Durante a viagem até à casa da família de Rose, o casal acidentalmente atropela um cervo na estrada. A cena, aparentemente gratuita, se revela uma das metáforas mais inteligentes do roteiro. O guarda de trânsito solicita apenas os documentos de Chris após pará-los, ainda que Rose é quem estivesse no volante. Em seguida ao incidente, eles chegam à casa dos Armitage que recebem o namorado da filha de braços abertos, sendo bastante amistosos e gentis. Até demais… No entanto, não passa despercebido por Chris o comentário agressivo de seu sogro acerca do animal atropelado na estrada, ou o fato de ser uma família branca cuja staff é composta apenas de empregados negros, ou as falas problemáticas e racistas do pai e do irmão da moça, que soam, na cabeça de muitos, como gracejos incutidos no imaginário popular e que a maioria (branca) vê como inofensivos.

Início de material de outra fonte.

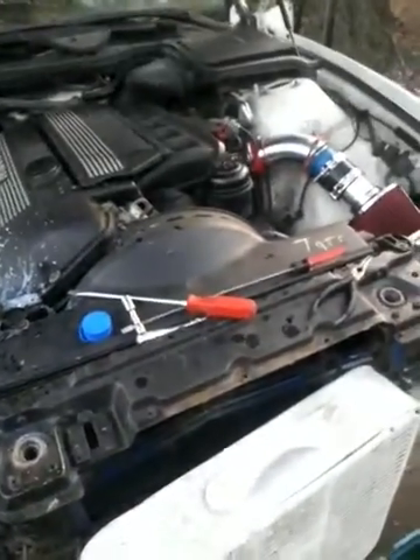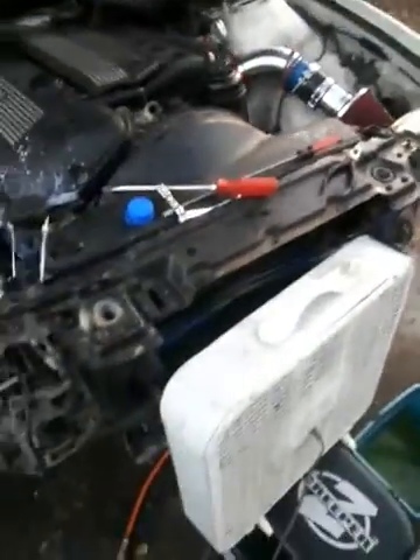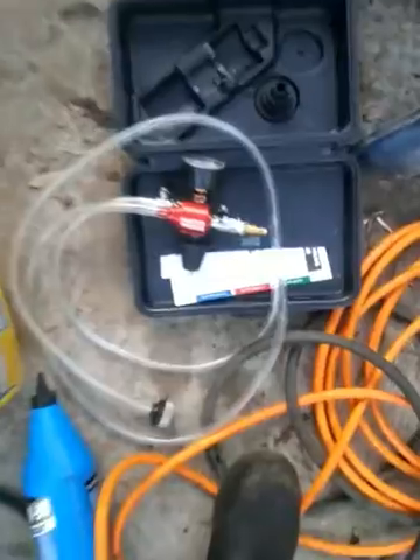Cleaned out the radiator core, the radiator. Took the thermostat off. Took the entire system apart. Blew everything out. Used my new tool today to suck the air out of the lines. Got the coolant here, and we're just running her right now.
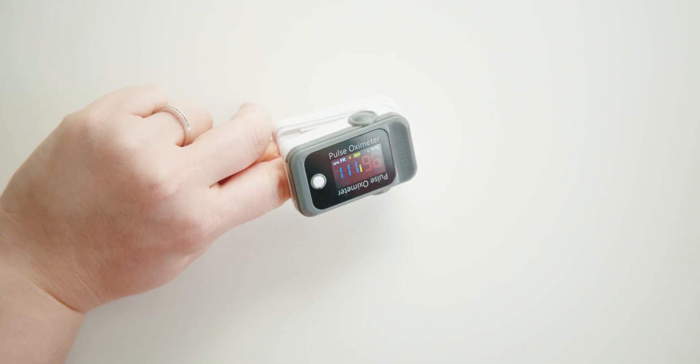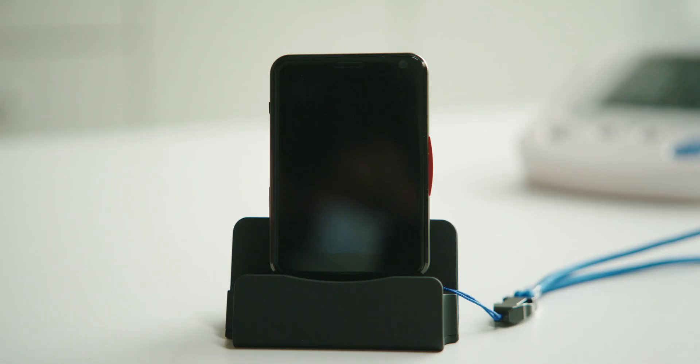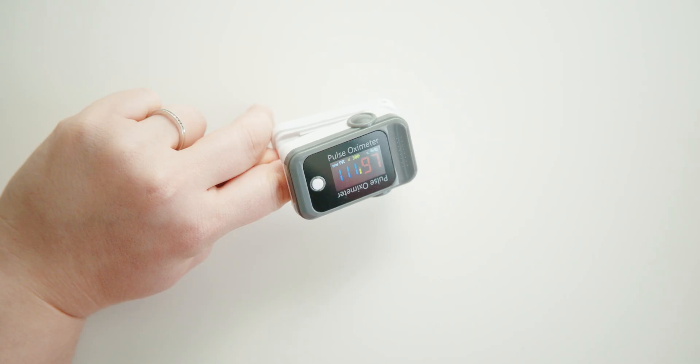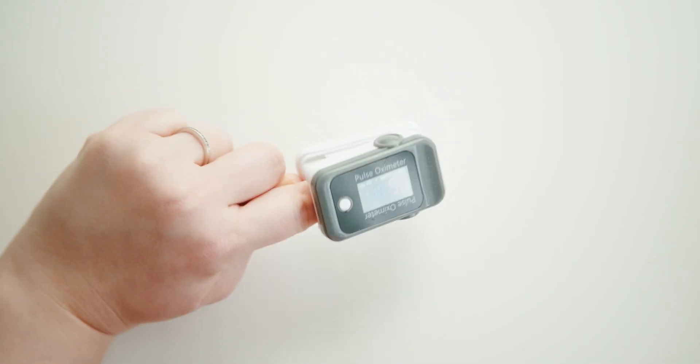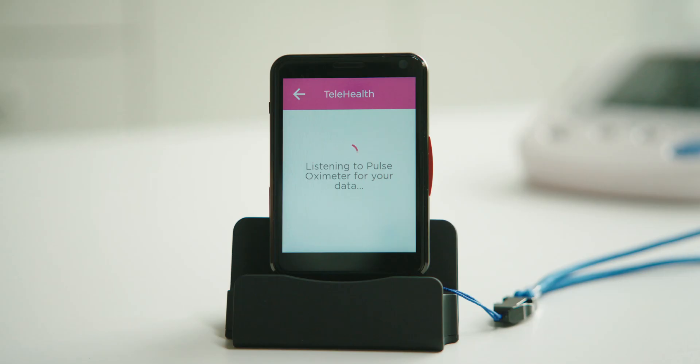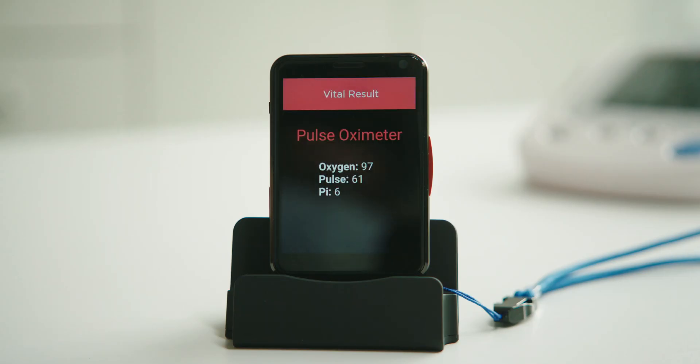As long as the Link Plus is connected to the dock and plugged into an outlet, it will automatically recognize the pulse oximeter device. Wait for about 30 seconds to a minute, then remove your finger. Once you've removed your finger, the Link Plus will display and transmit the reading to your doctor.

Mas ainda mais sinistro e perturbador é o comportamento da mãe de Rose que, com gestos aparentemente triviais, se mostra manipuladora e obcecada por controle.
A princípio, Corra! se estrutura como qualquer outro filme de horror convencional, mas utiliza sabiamente os clichês do gênero apostando em uma narrativa ousada e lançando luz sobre um problema real que aterroriza mais do que qualquer monstro. Aliás, é interessante como a história se desenha de forma a evocar os chavões narrativos mais típicos do cinema de horror, afinal nada mais grita terror do que chegar a uma casa no meio do mato, repleta de gente supostamente simpática e acolhedora, e descobrir que é próxima vítima de algum ritual macabro.
Em um filme dinâmico, inteligente e bem orquestrado, o racismo é o principal vilão. Distante de um ar excessivamente político ou de denúncia e apostando na crítica social revestida de entretenimento e com uma pitada generosa de humor corrosivo, Corra! muitas vezes foge da verossimilhança – aspecto que não é, de fato, exigido em um filme do gênero. A montagem elegante e a direção de fotografia precisa compõem uma atmosfera certeira de suspense psicológico que dão vazão ao roteiro, fazendo com que o espectador consiga comprar facilmente a ideia, mesmo diante de alguns absurdos que permeiam a trama.
Destaque para uma das performances mais inspiradas de 2017 (e merecidamente indicada ao Oscar) a cargo de Kaluuya, que interpreta o jovem fotógrafo aterrorizado pela família aparentemente pacata da namorada.